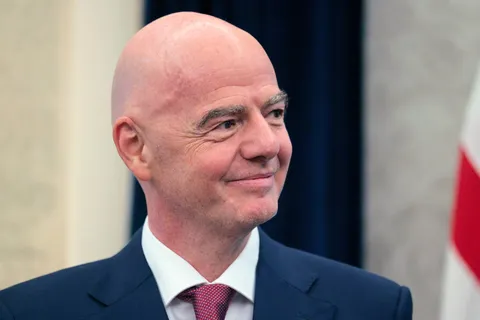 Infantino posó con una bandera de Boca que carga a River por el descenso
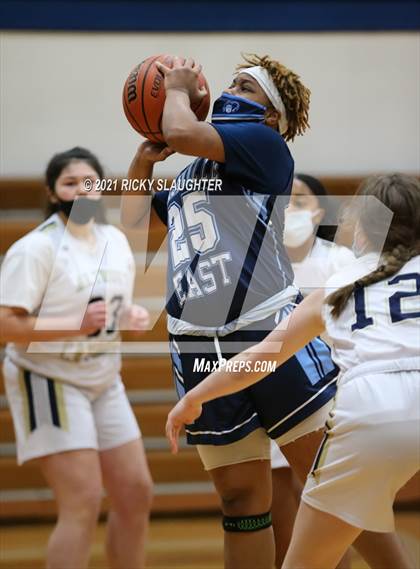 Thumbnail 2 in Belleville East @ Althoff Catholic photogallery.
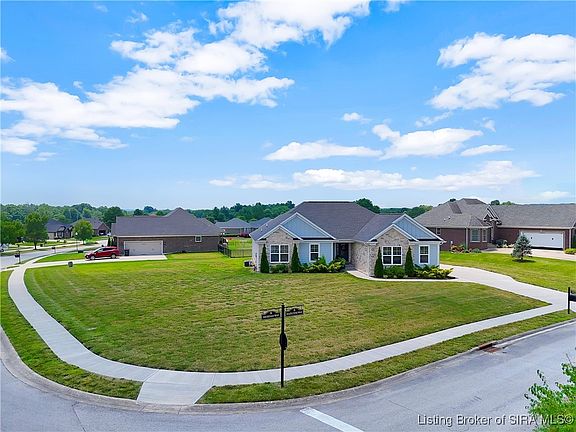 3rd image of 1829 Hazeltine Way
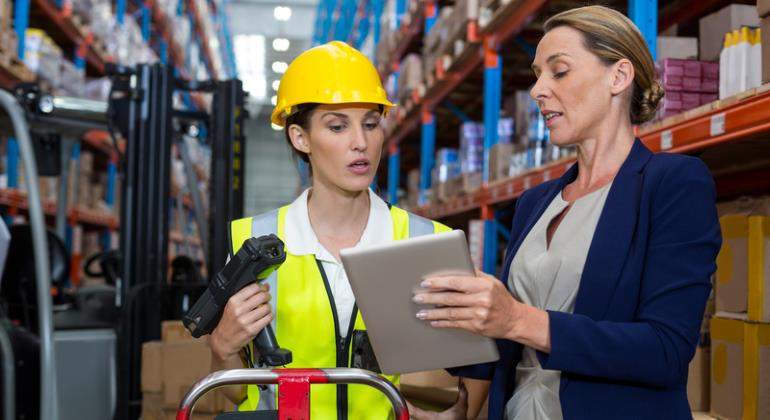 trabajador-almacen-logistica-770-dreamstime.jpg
...
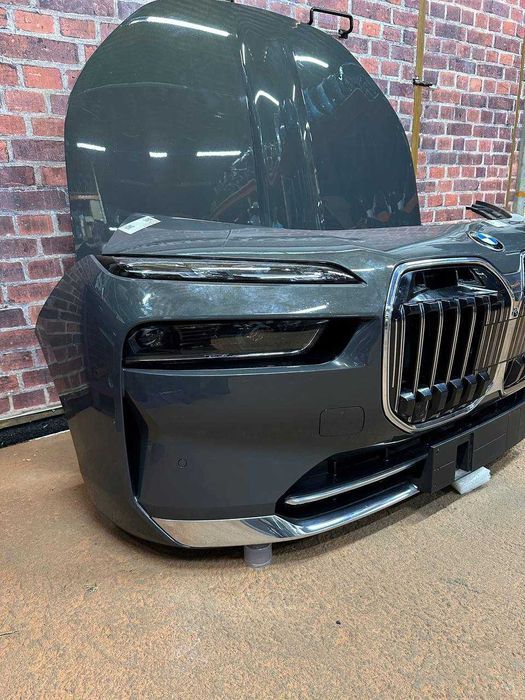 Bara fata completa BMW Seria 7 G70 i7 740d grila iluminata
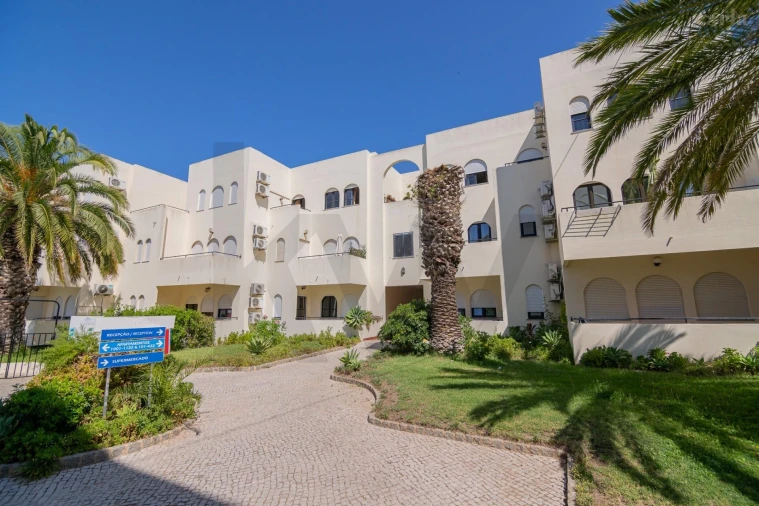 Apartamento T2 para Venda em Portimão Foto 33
--
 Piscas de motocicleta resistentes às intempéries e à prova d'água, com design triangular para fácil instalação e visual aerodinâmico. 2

■ **WORK REQUIRED**: Print everything from the line with "3rd image of 1829 Hazeltine Way" down to the line with "trabajador-almacen-logistica-770-dreamstime.jpg" in the entries above, both lines included and nothing more, without the pictures.

■ **PROBLEM SOLUTION**:
 3rd image of 1829 Hazeltine Way
 trabajador-almacen-logistica-770-dreamstime.jpg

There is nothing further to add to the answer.